> [Input material]
——————
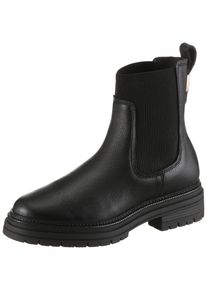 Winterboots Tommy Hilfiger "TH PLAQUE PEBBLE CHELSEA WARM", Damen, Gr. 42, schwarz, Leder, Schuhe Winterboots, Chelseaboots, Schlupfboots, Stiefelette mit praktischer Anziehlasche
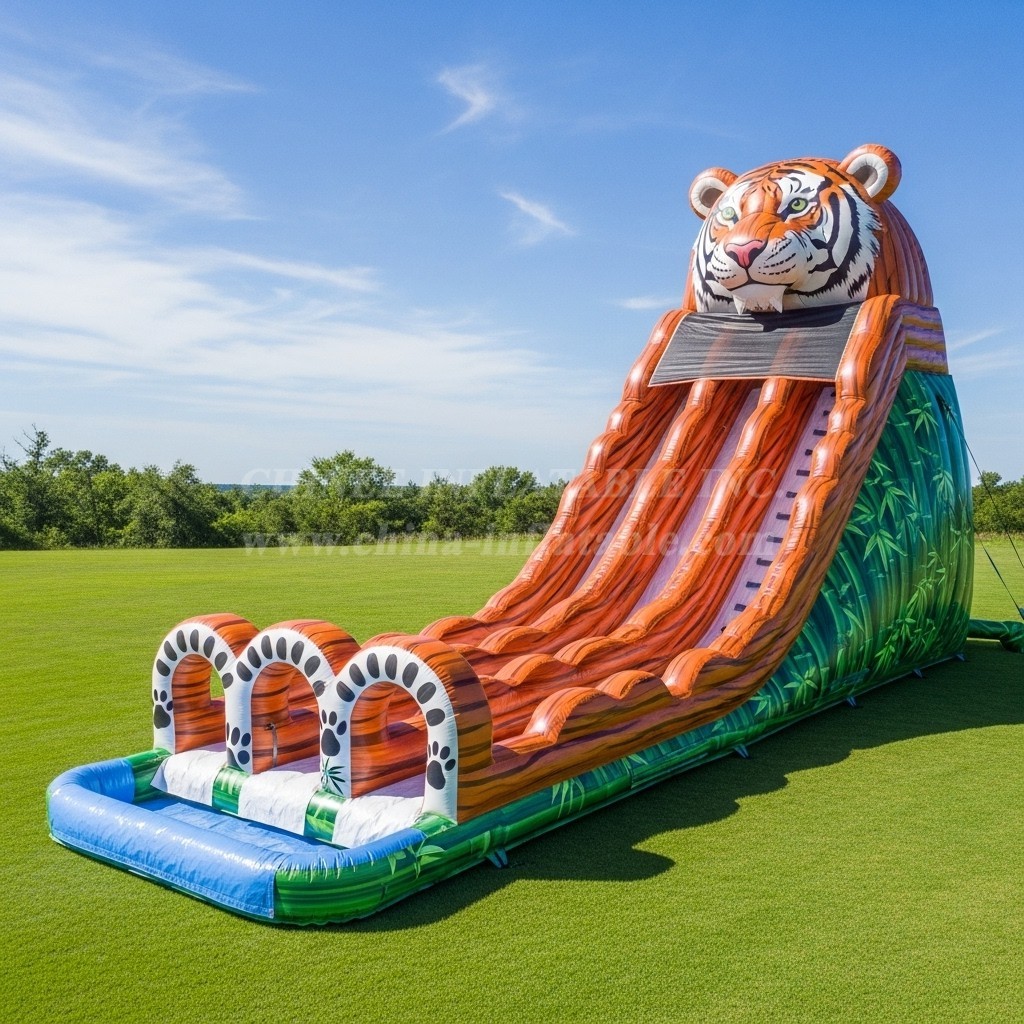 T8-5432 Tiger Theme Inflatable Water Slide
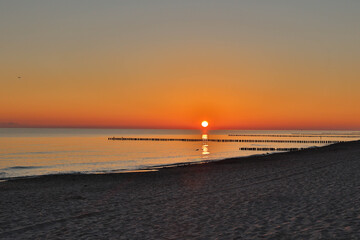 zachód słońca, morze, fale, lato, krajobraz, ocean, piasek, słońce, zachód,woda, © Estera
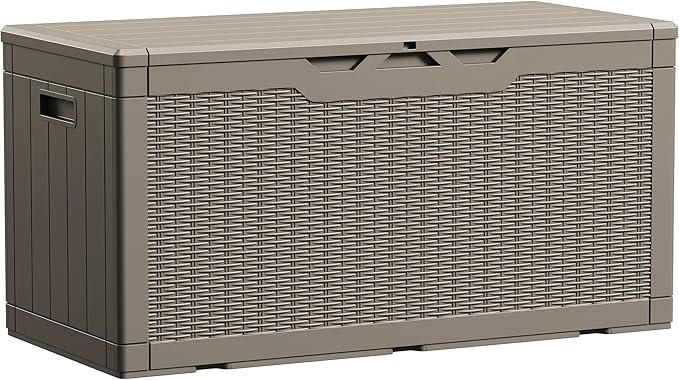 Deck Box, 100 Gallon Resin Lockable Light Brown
——————
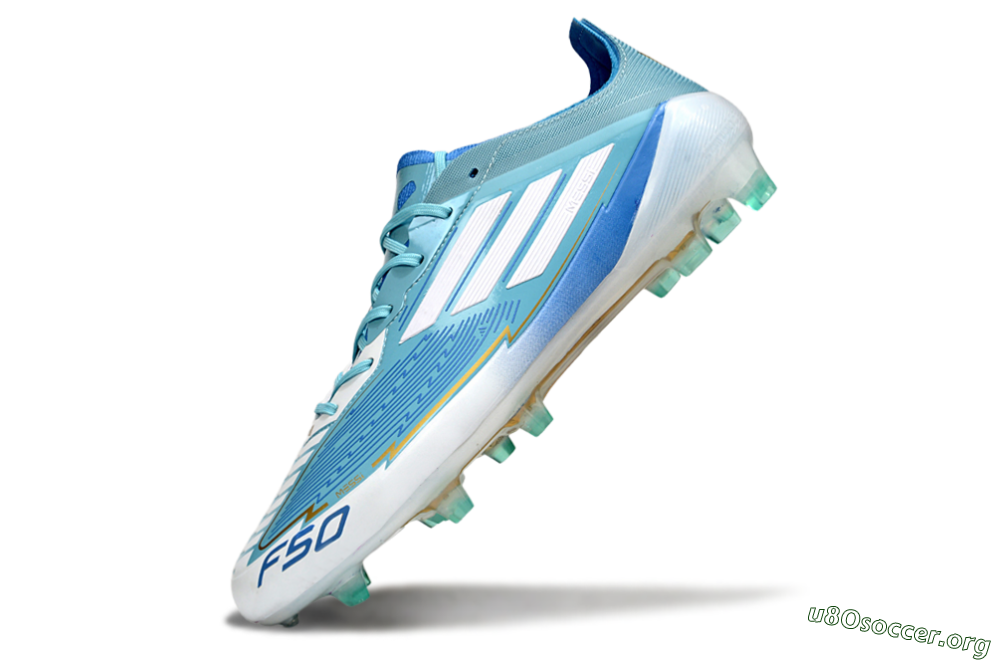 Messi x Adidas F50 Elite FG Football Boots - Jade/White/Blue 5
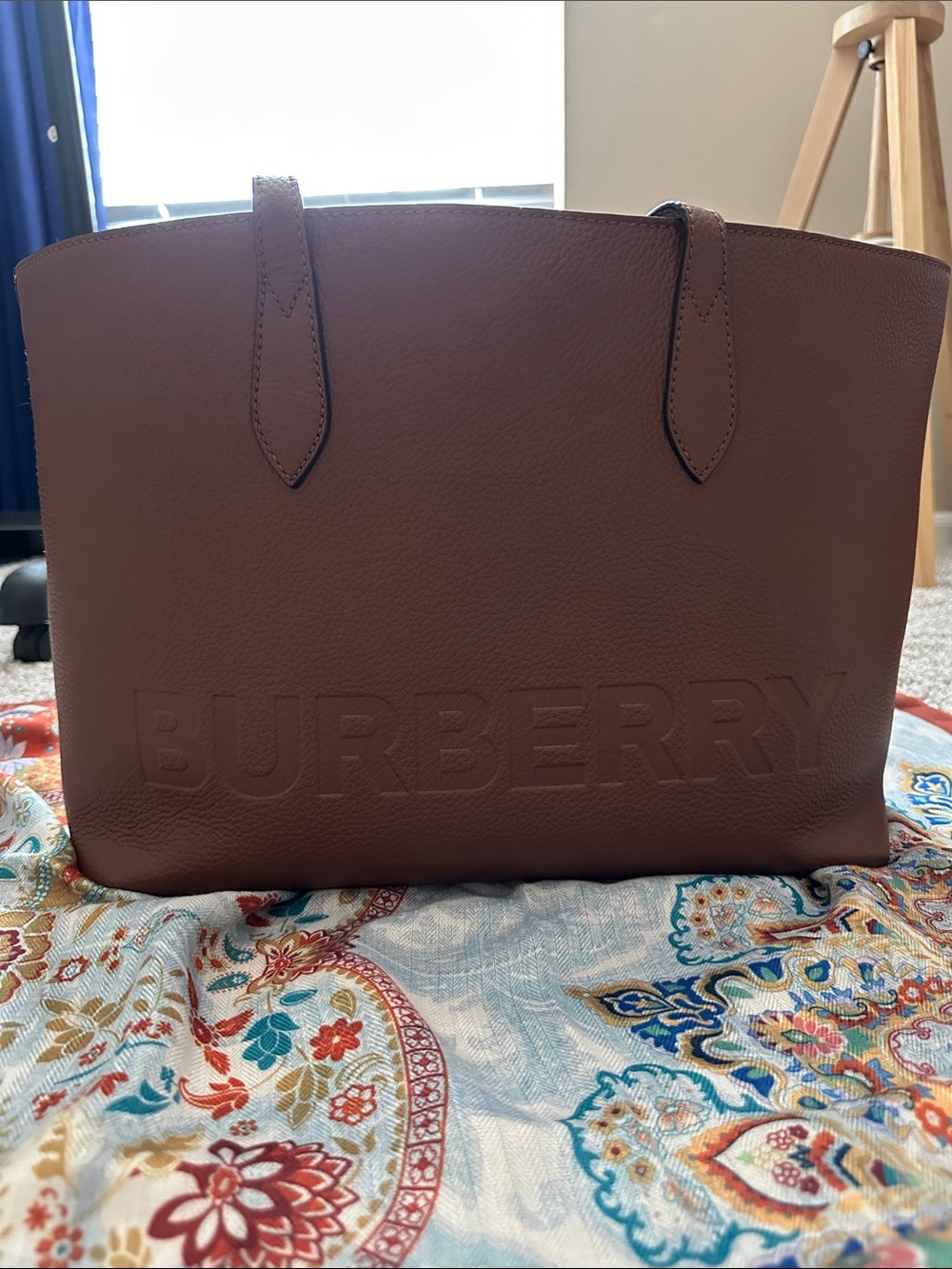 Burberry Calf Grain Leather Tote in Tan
——————
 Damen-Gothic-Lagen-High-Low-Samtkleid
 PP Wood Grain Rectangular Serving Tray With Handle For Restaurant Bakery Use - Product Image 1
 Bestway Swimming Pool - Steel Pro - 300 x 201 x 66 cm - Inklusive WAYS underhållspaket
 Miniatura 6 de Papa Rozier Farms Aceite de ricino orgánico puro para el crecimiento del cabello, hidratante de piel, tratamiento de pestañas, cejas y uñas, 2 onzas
——————
> [Exercise]
Go to the line above that has "Winterboots Tommy Hilfiger" and copy exactly from there down to the line that has "Deck Box, 100", both included. Leave the pictures out.

> [Response to this exercise]
 Winterboots Tommy Hilfiger "TH PLAQUE PEBBLE CHELSEA WARM", Damen, Gr. 42, schwarz, Leder, Schuhe Winterboots, Chelseaboots, Schlupfboots, Stiefelette mit praktischer Anziehlasche
 T8-5432 Tiger Theme Inflatable Water Slide
 zachód słońca, morze, fale, lato, krajobraz, ocean, piasek, słońce, zachód,woda, © Estera
 Deck Box, 100 Gallon Resin Lockable Light Brown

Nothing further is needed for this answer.